Pour autant, l’affirmation précitée du PDG d’AtkinsRéalis invitant à prendre davantage de temps sur la phase de conception des projets de réacteurs n’est pas dénuée de bon sens. Prendre le temps d’approfondir l’étude des projets permettrait peut-être de mieux les chiffrer, que ce soit en termes de coût et de délai, voire de choix technologique, évitant ainsi les déconvenues ultérieures.
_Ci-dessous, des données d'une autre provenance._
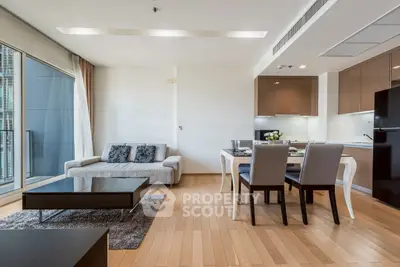 Modern open-plan living room with sleek kitchen and elegant dining area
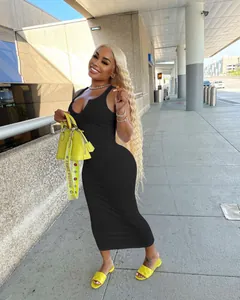 Full length view of a sexy black sleeveless ribbed midi dress with U-neck detail on model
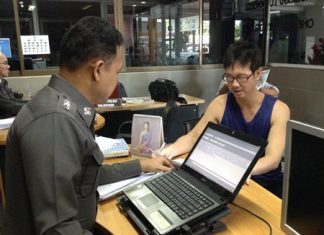 Krit Kanchanaprasan fills out a theft report with police.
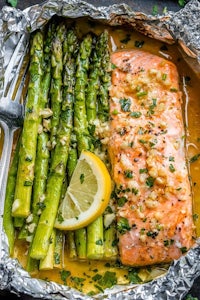 salmon and asparagus in foil packets with lemon wedges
Pour prendre un exemple récent à ce sujet, le montant des six prochains EPR a déjà explosé. Initialement évalué à 51,7 milliards d’euros, il est passé à 67,4 milliards d’euros. Une augmentation qui s’expliquerait par l’allongement des délais d’élaboration des plans génériques du réacteur.
Commentaires
Construire des réacteurs dans l'urgence c'est augmenter les risques d'accident !
Au niveau des risques ce qu'il faut comprendre, c'est que plus vous allez développer des systèmes dangereux plus vous avez besoin de compétences. Hors avoir des compétences demande du temps et des expériences multiples. C'est donc pas à la sortie d'une école d'ingénieur qu'on aura acquit les compétences qui conviennent à la surveillance des multiples problèmes que posent la complexité de ces réacteurs.
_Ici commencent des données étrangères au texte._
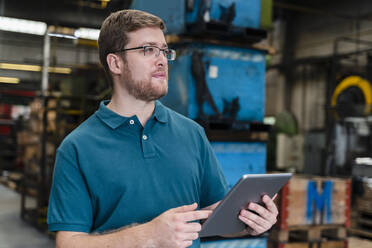 Nachdenklicher männlicher Arbeiter, der ein digitales Tablet hält, während er in einer Fabrik steht - DIGF13230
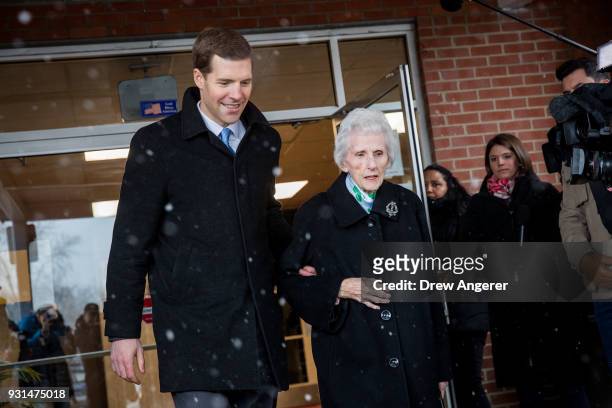 Conor Lamb, Democratic congressional candidate for Pennsylvania's 18th district, and his grandmother Barbara Lamb exit the polling station after she...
La solution à la production d'énergie réside dans le stockage des Enr.
Puisque chacun peut voir qu'à certains moment Rte doit arrêter ou ralentir la production électrique pour ne pas faire sauter le réseau ? Alors qu'à d'autres on doit acheter du pétrole, du gaz ou du charbon pour assurer les besoins. On est donc une sorte d'organisation schizophrène, qui appauvrit les pays Européens ne possédant pas d'énergie autre que celle du soleil et du vent, en prévoyant de développer des énergies ,sans être capable d'apporter une solution de stockage, qui permettrait le pilotage de l'électricité produite, essentielle à la lutte contre le réchauffement et à l'indépendance énergétique..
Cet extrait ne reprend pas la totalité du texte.